From datasets to linked datasets in open government data

Helping the machines to understand what the data means, so that they can help us search and cross the data published by our governments.

Initially published on Medium on September 14th, 2014. I’ve replaced some links with more accessible sources (i.e. not hardcore standard specifications) and I’ve also rephrased the last sections to make them more accessible.

Summary (tl;dr;): Publishing open government data dissipates the mist around the business of the State and its tentacles, and enriches the dialogue between the administration and the citizens. However, today, this data is usually not described with machine-readable semantics, which makes it hard to perform large scale search and create value by crossing datasets together.

The Semantic Web technologies come to the rescue: they enable the creation of worldwide identifiers for concepts (the URIs), definitions with machine-readable semantics and data storage and querying as a graph.

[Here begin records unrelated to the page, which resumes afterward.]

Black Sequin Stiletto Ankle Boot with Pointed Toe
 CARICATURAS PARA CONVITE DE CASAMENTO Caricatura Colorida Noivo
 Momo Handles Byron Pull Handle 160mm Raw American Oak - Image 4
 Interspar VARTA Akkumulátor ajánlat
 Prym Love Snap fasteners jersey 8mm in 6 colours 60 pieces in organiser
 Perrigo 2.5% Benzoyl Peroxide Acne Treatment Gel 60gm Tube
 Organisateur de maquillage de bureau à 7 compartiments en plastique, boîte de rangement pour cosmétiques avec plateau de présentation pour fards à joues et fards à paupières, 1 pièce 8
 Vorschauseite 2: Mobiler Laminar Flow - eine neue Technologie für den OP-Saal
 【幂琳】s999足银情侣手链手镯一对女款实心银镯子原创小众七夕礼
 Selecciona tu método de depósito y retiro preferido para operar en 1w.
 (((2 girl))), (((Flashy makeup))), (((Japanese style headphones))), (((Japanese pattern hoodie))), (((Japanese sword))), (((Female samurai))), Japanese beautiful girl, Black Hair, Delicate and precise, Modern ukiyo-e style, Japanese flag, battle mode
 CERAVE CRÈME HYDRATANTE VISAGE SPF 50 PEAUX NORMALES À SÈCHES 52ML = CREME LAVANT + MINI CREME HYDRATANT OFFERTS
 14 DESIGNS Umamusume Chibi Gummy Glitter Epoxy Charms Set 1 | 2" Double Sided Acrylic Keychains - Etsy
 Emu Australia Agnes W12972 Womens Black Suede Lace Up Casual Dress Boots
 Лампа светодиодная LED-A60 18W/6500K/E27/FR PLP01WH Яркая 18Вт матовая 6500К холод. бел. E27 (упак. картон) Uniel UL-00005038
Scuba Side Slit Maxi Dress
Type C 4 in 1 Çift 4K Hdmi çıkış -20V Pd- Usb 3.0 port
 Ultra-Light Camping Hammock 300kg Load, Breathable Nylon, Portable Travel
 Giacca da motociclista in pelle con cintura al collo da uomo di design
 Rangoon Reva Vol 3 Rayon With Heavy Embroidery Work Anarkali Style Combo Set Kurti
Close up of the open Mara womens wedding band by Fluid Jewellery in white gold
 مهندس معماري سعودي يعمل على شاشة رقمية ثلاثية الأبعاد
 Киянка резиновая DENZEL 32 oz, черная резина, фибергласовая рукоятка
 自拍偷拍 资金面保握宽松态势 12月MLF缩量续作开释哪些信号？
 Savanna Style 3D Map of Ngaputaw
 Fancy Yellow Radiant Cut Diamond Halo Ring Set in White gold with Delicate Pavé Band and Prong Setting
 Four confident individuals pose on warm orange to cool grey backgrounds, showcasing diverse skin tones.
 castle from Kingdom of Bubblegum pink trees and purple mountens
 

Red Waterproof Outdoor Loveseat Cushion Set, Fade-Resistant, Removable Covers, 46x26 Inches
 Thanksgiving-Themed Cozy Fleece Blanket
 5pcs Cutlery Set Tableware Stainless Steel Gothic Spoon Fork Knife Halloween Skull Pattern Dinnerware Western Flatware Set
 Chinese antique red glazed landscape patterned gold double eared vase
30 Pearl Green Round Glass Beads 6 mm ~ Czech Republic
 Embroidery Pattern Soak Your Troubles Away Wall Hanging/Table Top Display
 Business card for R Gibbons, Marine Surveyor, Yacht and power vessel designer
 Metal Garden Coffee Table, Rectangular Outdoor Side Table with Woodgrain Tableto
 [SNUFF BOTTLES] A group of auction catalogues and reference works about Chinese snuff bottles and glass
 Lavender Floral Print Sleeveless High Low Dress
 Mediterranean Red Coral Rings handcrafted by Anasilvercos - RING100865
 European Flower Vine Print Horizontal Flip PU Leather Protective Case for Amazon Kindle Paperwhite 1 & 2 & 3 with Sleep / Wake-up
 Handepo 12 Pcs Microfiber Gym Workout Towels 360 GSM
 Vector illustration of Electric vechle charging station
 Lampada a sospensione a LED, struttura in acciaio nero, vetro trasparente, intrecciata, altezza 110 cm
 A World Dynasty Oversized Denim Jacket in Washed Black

The result is a standard and semantics-driven open data platform.

Open government data 101

Summary: Publishing open government data dissipates the mist around the administration and enables a healthy dialogue between the giant state octopus and the small fishes. This is called transparency.

Leaders | gap | citizens

This article is written with the digital ink of my passion for open data. It has grown exponentially since the moment I was convinced that it was a fantastic tool to bridge the gap between citizens and their leaders. I think the growing lack of trust comes from the feeling that, although most of our leaders have been directly or indirectly nominated with our votes, many decisions are taken behind our back. And if they are taken behind our back, it must be because they do things they don’t want us to know, right?

This lack of trust led 1) citizens to progressively take distance from the politic life, 2) and the politics to assume the great majority of the electors doesn’t care much about what’s going on at the different decision levels of the State (local, regional, national). You end up with a dialogue that is greatly flawed due to the lack of information shared by all parties, and tensions rise.

Increasing the quantity and the quality of the information describing what is happening in the country and in the administration is the foundation of a healthy dialogue. The United States, the United Kingdom and France are among the countries that lead the pack.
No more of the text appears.